Donna itself has no known Sunday paper but I've also stopped reading her weekly wednesday drop which usually contains story with more heart and earnest reporting than I have read in awhile. Like since the high school paper, the one I got in such trouble in for my scathing letters to the editor. Anyways, here is the local news report:
It was a busy weekend in Donna. A girl had no plans and yet the weekend turned out to be perfectly full when it finally came around.
On Friday I saw the Rio Grande Valley Killer Bees take on the...the red team. I fell in love #39, Banga. He looked at me a couple times where I sat with my friend in the 2nd row, so I think he realizes it true love too. While there I made friends with some Winter Texans sitting next to me. A "Winter Texan" is a phenomenon as regular as snow and ice in the heartland and actually is precipitated by that occurence. The clever midwesterners who get tired of their neighbors picked out Texas as an alternative to Florida, and come October they start showing up filling up their trailer parks and clogging up the roadways and the restaurants just over the river in Mexico. While most South Texas dreads their arrival, the annual migration is a treat to me as exciting as watching the cranes migrate through northern indiana. I've been a little lonely lately and confused. One because I'm not up north where all my friends are, but also, I'm not up north where the chilly air and colored leaves are.

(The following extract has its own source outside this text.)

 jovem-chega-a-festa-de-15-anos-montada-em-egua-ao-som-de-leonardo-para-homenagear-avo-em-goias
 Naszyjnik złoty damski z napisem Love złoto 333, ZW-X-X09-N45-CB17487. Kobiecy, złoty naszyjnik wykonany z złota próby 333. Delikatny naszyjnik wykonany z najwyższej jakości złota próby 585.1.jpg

So when the retired Midwesterners migrate down, I have some buddies, not unlike family that I know. And I'm the girl whose not afraid to pick up strange grandparents in public - and so I did. I failed to get their number when we left the stadium, but walking way out in the parking lot to our car, someone honked at us. It was Mary and Dave! So I said hey, you don't need any extra granddaughters down here do you?

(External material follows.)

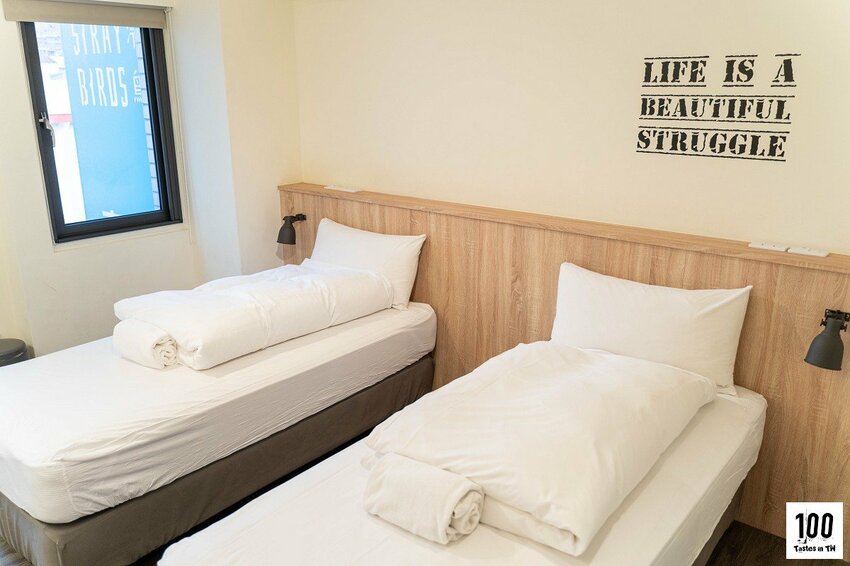 【百味旅形色】漂鳥青年旅館|台中住宿推薦!絕美交誼廳隱身青旅,乾淨簡約有質感! | 別墅裡的 100 種味道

I'm so odd sometimes, but its so entertaining.
Saturday morning met me early - when the cat pulled down the curtains at 7:30 (Dunk! Dunk!). I rushed out to see who was at the door but it was just Tom Morrissey the Cat. He asked if, while I was up, I wouldn't spoon him out some wet cat food. Then there was some house sweeping, dog walking, cruising past houses for sale, football watching, pet store shopping, porch sitting, book store browing, pet store shopping, and general ADLs (activities of daily living) accomplished before i finally settled home at the end of the night to make dinner and watch a movie.
Except then the neighbors invited me over for their barbeque. Something about how Marco did up the pork ribs and beef ribs and fajita meat and sausages and chicken gave me the feelings that I had never been to a real barbeque before--That here in South Texas was a whole 'nother world of barbeque and implications for humankind (and their hearts). We sat around drinking and talking until late, late in the night.

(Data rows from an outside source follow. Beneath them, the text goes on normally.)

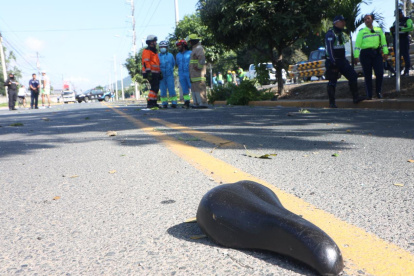 La montura de la bicicleta quedó en media vía, como evidencia del siniestro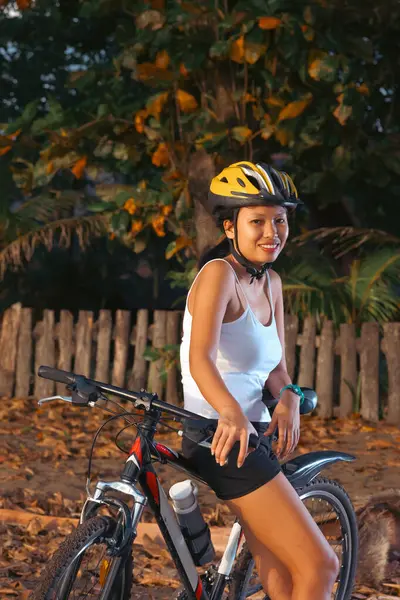 Retrato Aire Libre Una Joven Asiática Posando Con Bicicleta Estilo Fotos De Stock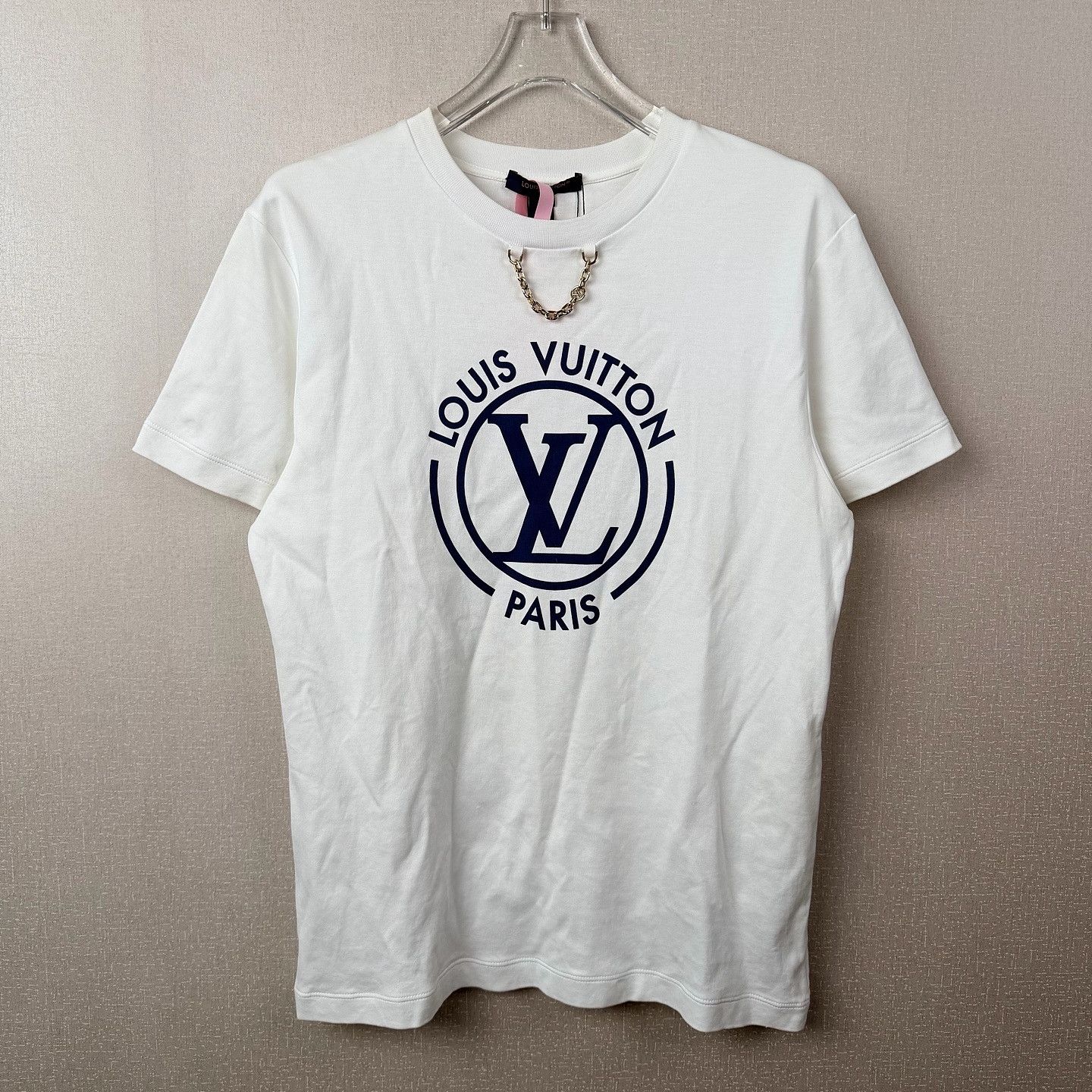 Louis Vuitton Louis Vuitton Logo Print T-Shirt Size S Size S / US 4 / IT 40 - 1 Thumbnail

This morning, Sunday, was not as early but meant a trip to the grocery to buy Mr. Morrissey his wet food and me my milk (I guess I don't like dry cereal either). Yard spraying for ticks, dog walking, coffee drinking, pet acclimating...
I know people always think I'm crazy for demanding pets around. "I want a pony" is not something i ever actually said but something my brothers used to tease out the fact that I've always had scores of them. I counted and I've had 20 in my life, if you don't count the goldfish because honestly who could count the goldfish? Tom Morrisey the cat and greta Garbot the terrier are 19 and 20, respectively.
But for the first time this week when I brought Garbot home from the vet I got lost in just enjoying my evening. For the time the hours between 5:30 pm and 7:30 am were not just a long break from work. It was my life, and I was at my home, enjoying it, and not even thinking about it. I feel infinitely more sane having some little ones around to focus my attentions outward, away from myself, and into something positive. And today, after a weekend that had no plans and thus planned itself, I feel happy, and at home. Its hard, I still get lonely, but I'm working really, really hard at it.
The fall in south texas is about windows and doors opening, cooler air coming in, the hope of turning the air conditioning off, of sitting on the porch in the evening without sweating, of birds in the trees, of returning to nature, not bundling up from it. So I'm excited to see what its like in a place where people say "Its going to get cold!" And they mean "Its about to drop below 80!" But I am glad my midwestern supports are coming down to help cope with a warm winter too.
I'm going to call Mary and Dave this afternoon and see if I can't get invited over to their retirement community trailer park for dinner, or some shuffleboard. I'm also going to go to the gym, and the take dog to the beach for the sandcastle show and to eat some ceviche (me, not her, ceviche is like mexican sushi, raw fish, but you wouldn't know it) And when I get home I"m going to set up my sewing machine.
Thats it. Thats my busy life in Donna Texas. I feel better now, don't you?